Just some time more and he finally unclasps my bra. My grin fades and awareness of the moment takes over me again. But I don't want this to repeat over and over. I need to break this vicious cycle. All this is part of this beautiful night that I'm going to share with Sameer. I can't break the flow everytime getting nervous and then let Sameer spend his time relaxing me. Shattering all my nervousness, I let him take my bra off.

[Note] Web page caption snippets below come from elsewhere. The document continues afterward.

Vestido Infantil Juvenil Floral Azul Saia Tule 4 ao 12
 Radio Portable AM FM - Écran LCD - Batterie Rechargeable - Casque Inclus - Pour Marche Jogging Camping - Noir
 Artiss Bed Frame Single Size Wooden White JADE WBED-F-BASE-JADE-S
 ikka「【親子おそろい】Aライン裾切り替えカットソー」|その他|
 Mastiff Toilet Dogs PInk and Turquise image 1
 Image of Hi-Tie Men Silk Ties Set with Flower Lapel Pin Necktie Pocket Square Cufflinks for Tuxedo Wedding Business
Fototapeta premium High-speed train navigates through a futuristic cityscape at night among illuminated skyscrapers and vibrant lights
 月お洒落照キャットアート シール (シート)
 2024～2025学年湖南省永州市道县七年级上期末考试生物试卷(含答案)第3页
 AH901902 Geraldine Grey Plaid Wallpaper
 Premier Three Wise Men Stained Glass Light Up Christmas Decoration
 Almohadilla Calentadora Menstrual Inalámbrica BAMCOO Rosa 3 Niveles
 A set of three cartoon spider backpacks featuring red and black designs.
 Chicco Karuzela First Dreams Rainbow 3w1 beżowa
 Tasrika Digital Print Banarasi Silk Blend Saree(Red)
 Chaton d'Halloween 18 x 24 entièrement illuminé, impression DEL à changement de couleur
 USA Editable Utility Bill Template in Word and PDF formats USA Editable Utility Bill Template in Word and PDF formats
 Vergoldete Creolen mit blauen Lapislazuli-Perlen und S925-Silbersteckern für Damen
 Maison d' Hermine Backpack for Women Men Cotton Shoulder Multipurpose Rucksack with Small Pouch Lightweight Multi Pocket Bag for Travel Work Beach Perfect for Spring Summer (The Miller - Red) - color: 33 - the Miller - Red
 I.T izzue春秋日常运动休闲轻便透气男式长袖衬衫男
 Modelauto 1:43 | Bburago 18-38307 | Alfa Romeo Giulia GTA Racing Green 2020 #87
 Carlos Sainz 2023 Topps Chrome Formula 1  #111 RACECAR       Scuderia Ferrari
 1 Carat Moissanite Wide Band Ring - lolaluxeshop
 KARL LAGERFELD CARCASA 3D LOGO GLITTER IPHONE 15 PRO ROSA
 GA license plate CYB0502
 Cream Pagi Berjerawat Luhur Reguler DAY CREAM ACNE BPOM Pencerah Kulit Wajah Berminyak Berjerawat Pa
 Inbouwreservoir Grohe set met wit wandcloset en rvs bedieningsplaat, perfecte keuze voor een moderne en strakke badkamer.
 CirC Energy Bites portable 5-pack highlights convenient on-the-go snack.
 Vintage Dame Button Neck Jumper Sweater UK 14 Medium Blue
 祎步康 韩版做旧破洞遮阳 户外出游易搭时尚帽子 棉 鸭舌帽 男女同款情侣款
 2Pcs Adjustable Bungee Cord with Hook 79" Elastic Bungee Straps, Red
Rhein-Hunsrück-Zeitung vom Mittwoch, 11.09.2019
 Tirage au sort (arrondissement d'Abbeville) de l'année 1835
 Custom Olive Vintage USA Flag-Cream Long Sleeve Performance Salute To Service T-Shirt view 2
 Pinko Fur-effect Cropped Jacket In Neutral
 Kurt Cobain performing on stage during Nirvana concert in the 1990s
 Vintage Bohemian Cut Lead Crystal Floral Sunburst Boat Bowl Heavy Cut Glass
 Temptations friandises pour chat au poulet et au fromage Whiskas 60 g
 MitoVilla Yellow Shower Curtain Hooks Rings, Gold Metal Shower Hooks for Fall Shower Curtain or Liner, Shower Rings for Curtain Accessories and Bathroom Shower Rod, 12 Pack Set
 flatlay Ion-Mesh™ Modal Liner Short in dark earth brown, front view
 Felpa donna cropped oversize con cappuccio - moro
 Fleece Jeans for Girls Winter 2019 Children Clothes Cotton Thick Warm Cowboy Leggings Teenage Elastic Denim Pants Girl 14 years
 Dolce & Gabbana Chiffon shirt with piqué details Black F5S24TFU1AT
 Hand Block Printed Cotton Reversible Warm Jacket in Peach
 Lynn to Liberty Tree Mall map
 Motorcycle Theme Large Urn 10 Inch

I don't even feel like covering myself now. Even if Sameer is staring at my bare front, though adoringly. "Beautiful..." is the word from him and I sigh satisfactorily. He cups my right breast in his left hand, and not giving me any time to adjust with the touch, he gobbles on my left one hungrily.

I hold my breath and clutch the bedsheet hard in my fists. My eyes roll back in my head and I arch my back again. His tongue is teasing my nipple and even my gasps are produced in gaps. He swirls his tongue around it, and I moan his name.

This was inevitable! When I did the same with his nipple and the mole, somewhere I knew it was going to happen with me too.

Should I take the credit that he followed my move? Or even this was a natural instinct?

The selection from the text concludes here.